The Way of The Cross


The dramatic and hopeful story that began heralding highways through the wilderness ends on the narrow, dusty path to Golgotha.  Here on this hill we find the subversive Nazarene struggling to carry his own death stake, alone and abandoned on the journey, an enemy of imperial Rome and her Jewish collaborators.  Reaching the place of execution, he is stripped naked for the third time, exposing himself to public ridicule and shame, and then forced to lie on the ground while both forearms and wrists are nailed to a wooden beam.  Naked and betrayed, Jesus is finally, and almost mercifully, raised up onto the cross where he will die a slow and agonizing death.  According to historians, Roman crucifixion poles measured only seven feet tall, allowing wild animals to tear the convict apart as he slowly dies of asphyxiation. This form of execution was so heinous, it led Cicero in 63 B.C. to write “If we are to be threatened with death, then we want to die in freedom; let the executioner, the shrouding of the head, and the very name of the cross be banished from the body and life of Roman citizens, from their thoughts, eyes and ears!”  But for Rome, the message is clear, oppose us and our power structure and we will publicly humiliate you, destroy you and feed your remains to the dogs.  Roman crucifixion is the public and political manifestation of imperial triumph over anyone foolish enough to dare revolution.  Ironically, only the women in Jesus' circle of disciples brave an appearance at his death, showing their solidarity to the bitter end...

And yet, this instance of divine humiliation marks the cosmic moment when the rulers of this world are finally overthrown, not through coercion and power, but through defeat and death. The cross is Jesus' ultimate political statement, warning all who come after Him that this way of suffering isn’t some pithy expression of bourgeois self-denial, it is the acknowledgment and belief that choosing His path requires upon us the sentence of death. 

Christ’s affliction becomes the physical exhortation to see the world through the lens of Golgotha, refusing even now amid our desire to carve out our piece of the political pie, to compromise the politics of the cross.  But who of us is honestly willing to accept that by remaining there, by submitting Himself to the unjust authorities, by resisting the urge to call upon Elijah, Jesus ultimately shows all mankind the road to liberation. Our personal, social and political liberation does not come from coerced Constantinianism. Living in the political shadow of Christ's cross does not allow us to engage in punitive or coercive action with our social and political enemies, as we demand our voices by heard, not matter how vitriolic and bitter they sound. This will to power is antithetical to Christ, aligning us more with what and who we hate instead of the one who has shown us a new way, this way of deference and shame.

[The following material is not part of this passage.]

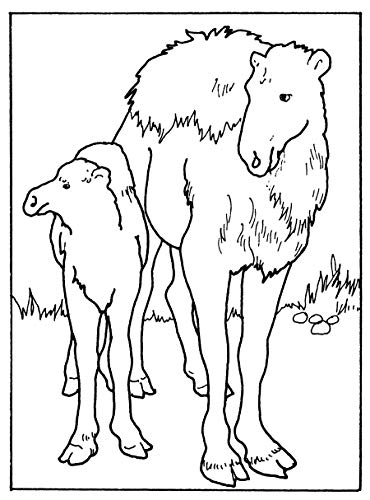 Little Zoo Animals Coloring Book (Dover Little Activity Books: Animals),Used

The way of the cross, the way of salvation and cultural transformation isn’t achieved via position and authority. It is experienced through sharing his cup of suffering.  Mark's Gospel  underlines this point rather dramatically by positioning two bandits ‘one on his right and one on his left’, the positions of honor requested by James and John, with Jesus on Golgotha.  The message is crystal clear: 'if you want to join me and my kingdom efforts, pick up your cross, carry it to Golgotha, and climb up on it and die'.  After all, a slave isn’t above his master, and if the teacher is despised, what will become of his students?  If the world hates you, remember it hated him first.  And in those moments, resist the temptation to protest, to demand equality, to seek your inalienable rights.  On the contrary, model Christ's humility; “when he was reviled, he did not revile in return; when he suffered, he did not threaten, but continued entrusting himself to him who judges justly.”

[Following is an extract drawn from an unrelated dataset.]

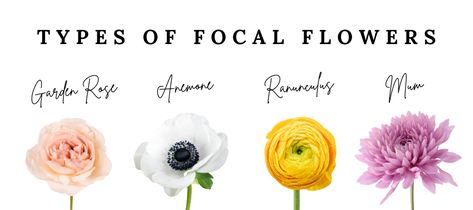 Types of Flowers: Focals, Fillers, and More! Focal Flowers, Filler Flowers, Lavender Herb, Different Types Of Flowers, Stock Flower, Tall Flowers, Flower Bar, Line Flower, Flowers Arrangements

Few Christ-followers choose this path, his road of anguish and tears.  And yet here Jesus is, bearing our stripes, receiving our wounds and uttering not a word in return.  If this story is true, and if there is the cosmic chance of God’s kingdom coming on earth, in this space and in this time, it will only come when Christ-followers abandon the propensity to persuade through power and embrace the cup of constant sorrow willingly and joyfully, pointing back to that historic day when the sovereignty of this world was handed over to the divine Human One in the death of God’s suffering servant.